#### Supplied data:
-------
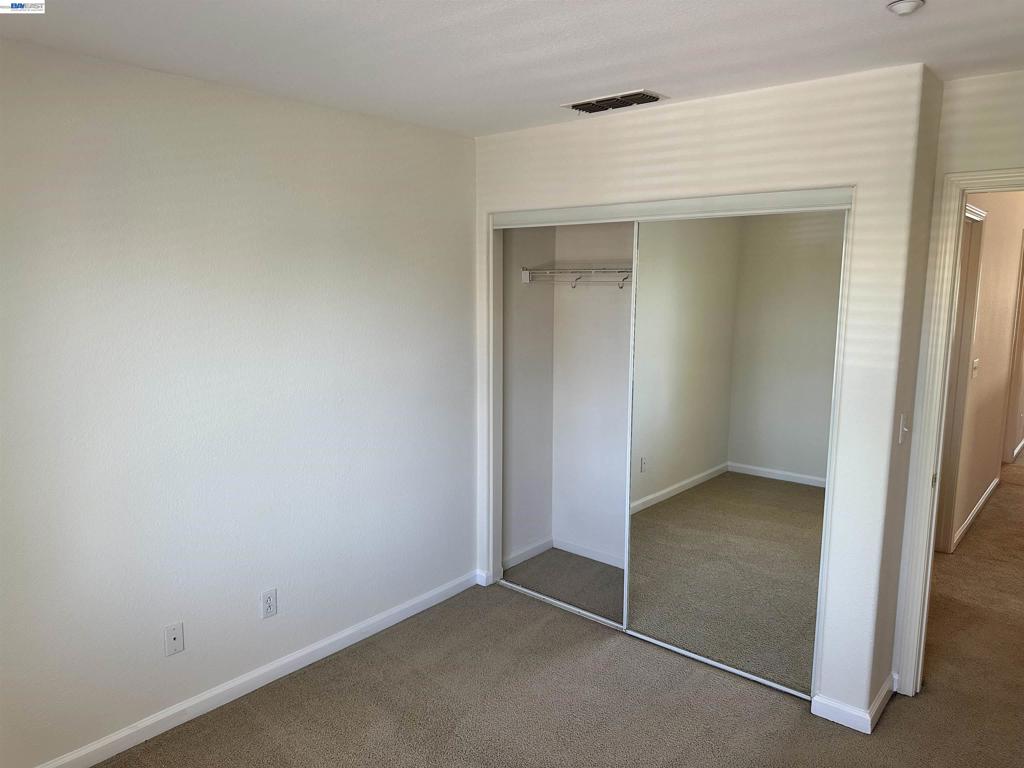 2484 Marshall Dr Property Photo 16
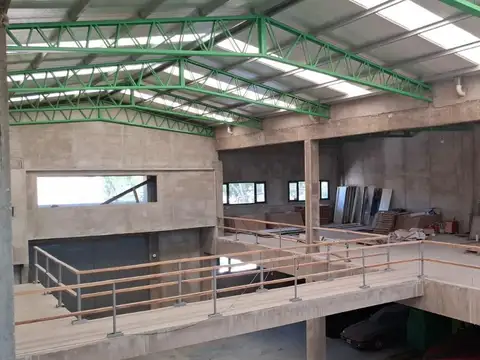 Depósito 1650 m2 cubiertos en Castelar, Moron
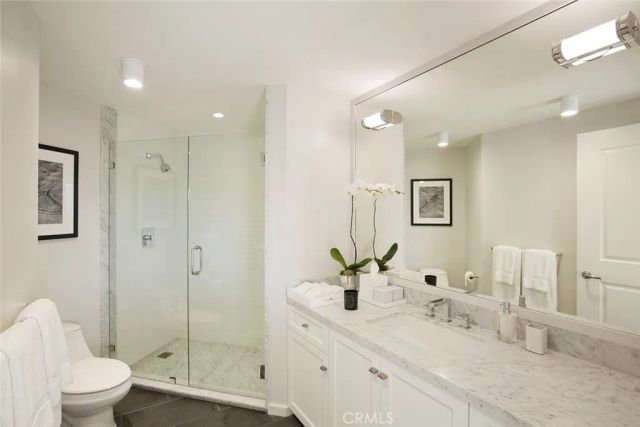 722 Americana Way M559, Glendale, CA 91210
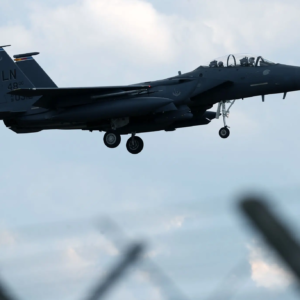 Estados Unidos rescata a piloto derribado en Irán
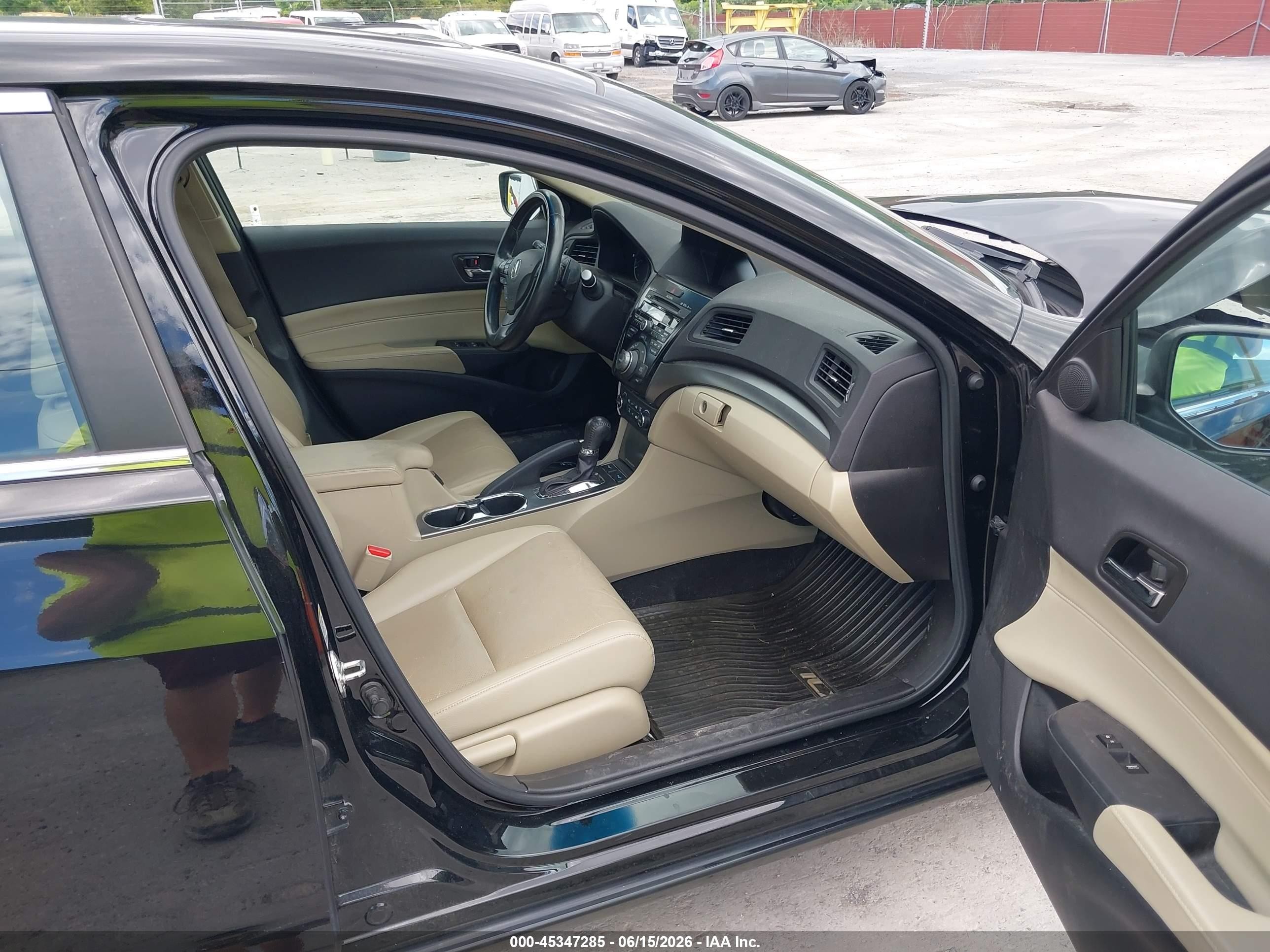 2013 Acura Ilx 2.0l Черный vin: 19VDE1F76DE013869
-------
#### Your instructions:
Find the line that contains "722 Americana Way M559, Glendale, CA 91210", then write out that line and every line after it through the end of the records, exactly. Leave the pictures out.

#### Your solution:
 722 Americana Way M559, Glendale, CA 91210
 Estados Unidos rescata a piloto derribado en Irán
 2013 Acura Ilx 2.0l Черный vin: 19VDE1F76DE013869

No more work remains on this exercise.